What to do
For the listing below, the answer is an exact retyping of the lines from the one with "Advan GT Beyond" through the one with "Menendez brothers' parole", both included, without pictures.

Supplied data
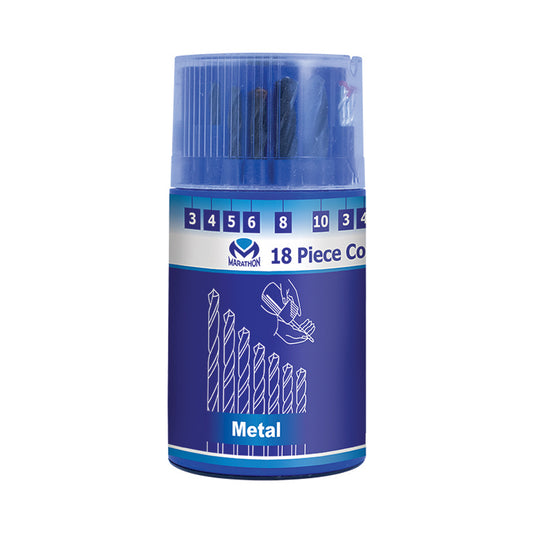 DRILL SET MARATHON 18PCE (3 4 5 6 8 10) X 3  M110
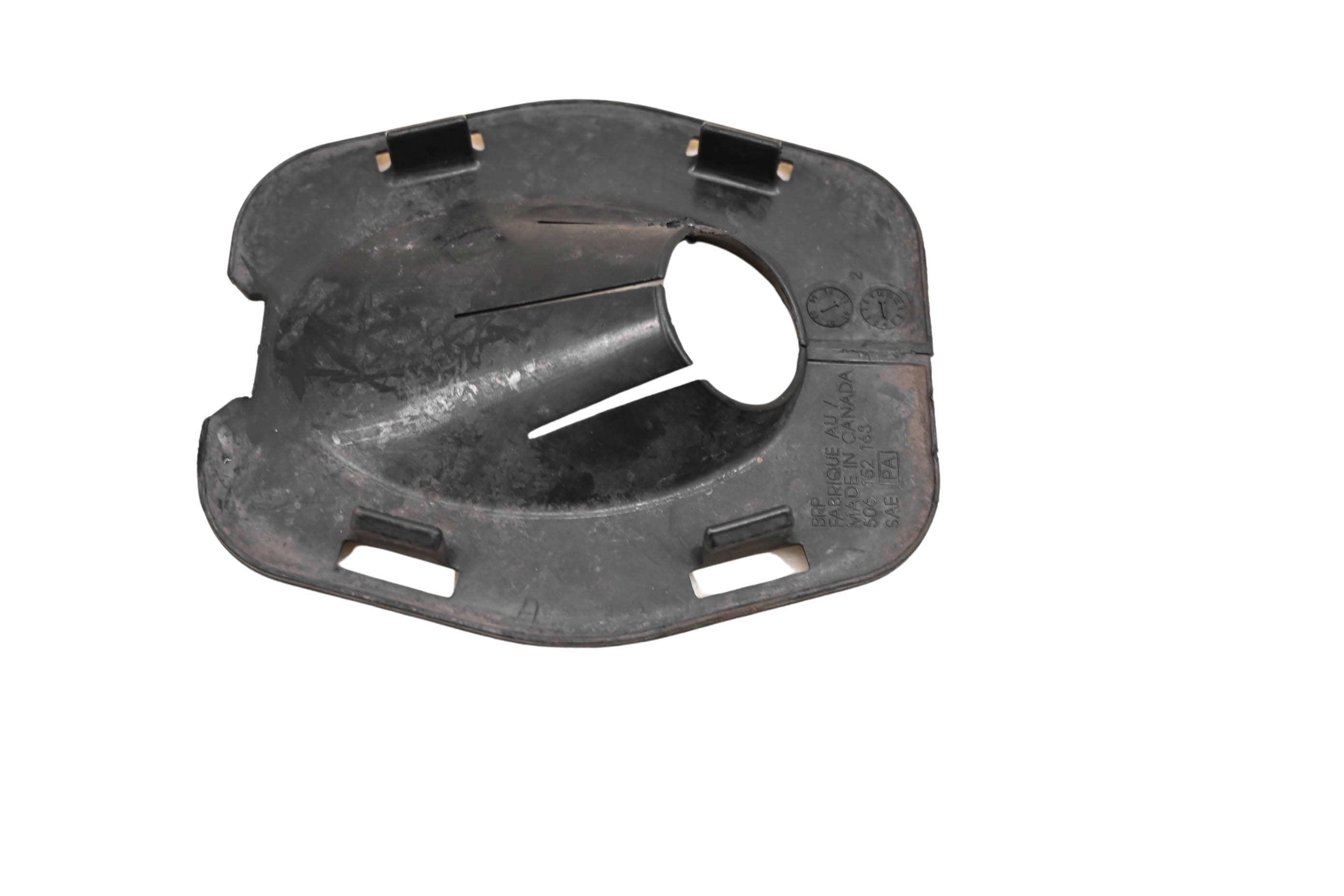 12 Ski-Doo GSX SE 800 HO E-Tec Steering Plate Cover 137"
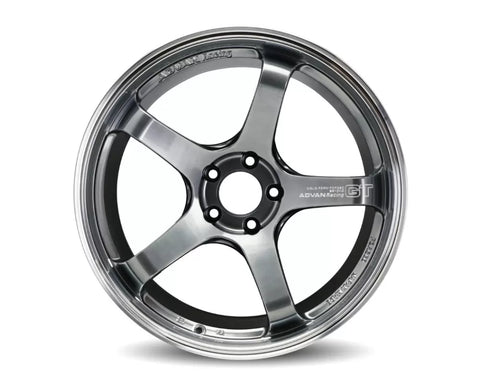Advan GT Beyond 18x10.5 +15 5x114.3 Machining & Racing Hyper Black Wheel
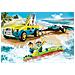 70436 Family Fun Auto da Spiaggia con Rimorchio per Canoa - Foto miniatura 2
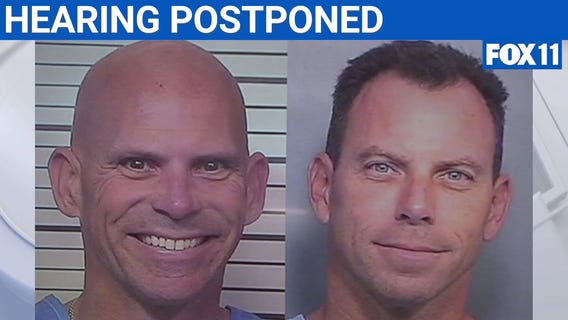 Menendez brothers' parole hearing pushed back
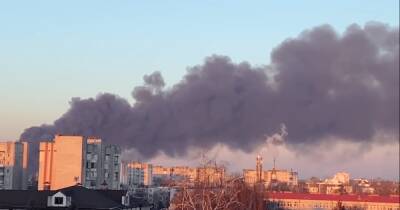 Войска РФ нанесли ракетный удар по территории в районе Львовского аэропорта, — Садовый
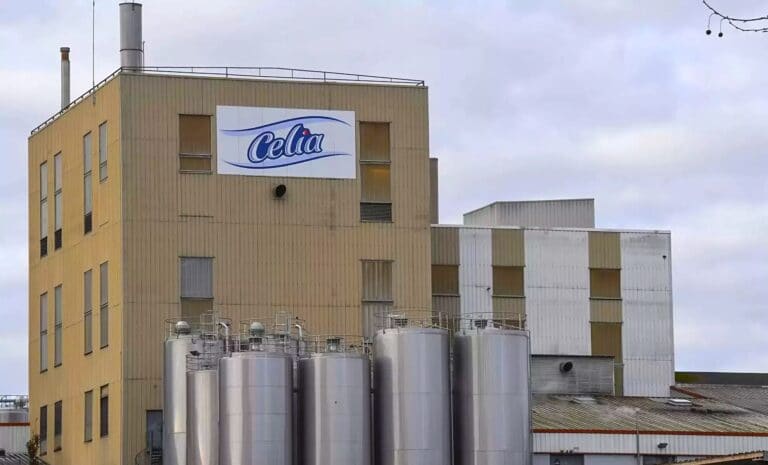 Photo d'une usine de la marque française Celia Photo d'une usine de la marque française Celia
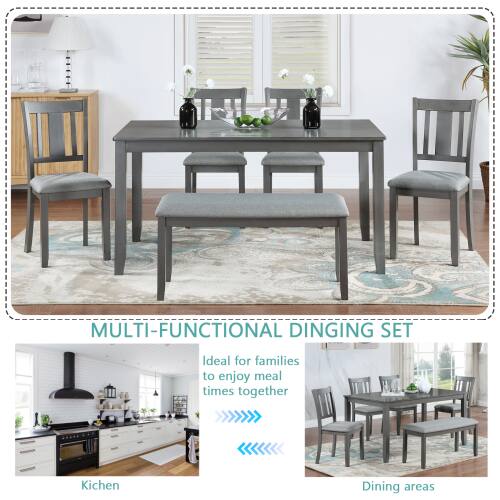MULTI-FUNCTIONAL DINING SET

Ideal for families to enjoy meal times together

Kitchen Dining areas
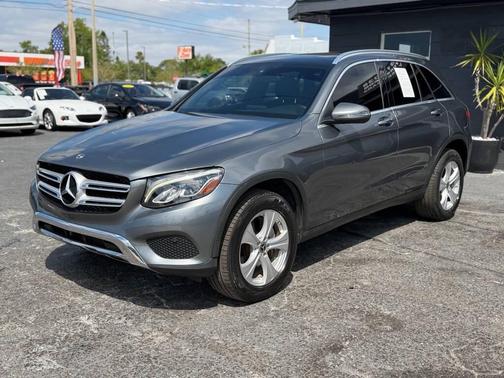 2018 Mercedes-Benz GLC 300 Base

Result
Advan GT Beyond 18x10.5 +15 5x114.3 Machining & Racing Hyper Black Wheel
 70436 Family Fun Auto da Spiaggia con Rimorchio per Canoa - Foto miniatura 2
 Menendez brothers' parole hearing pushed back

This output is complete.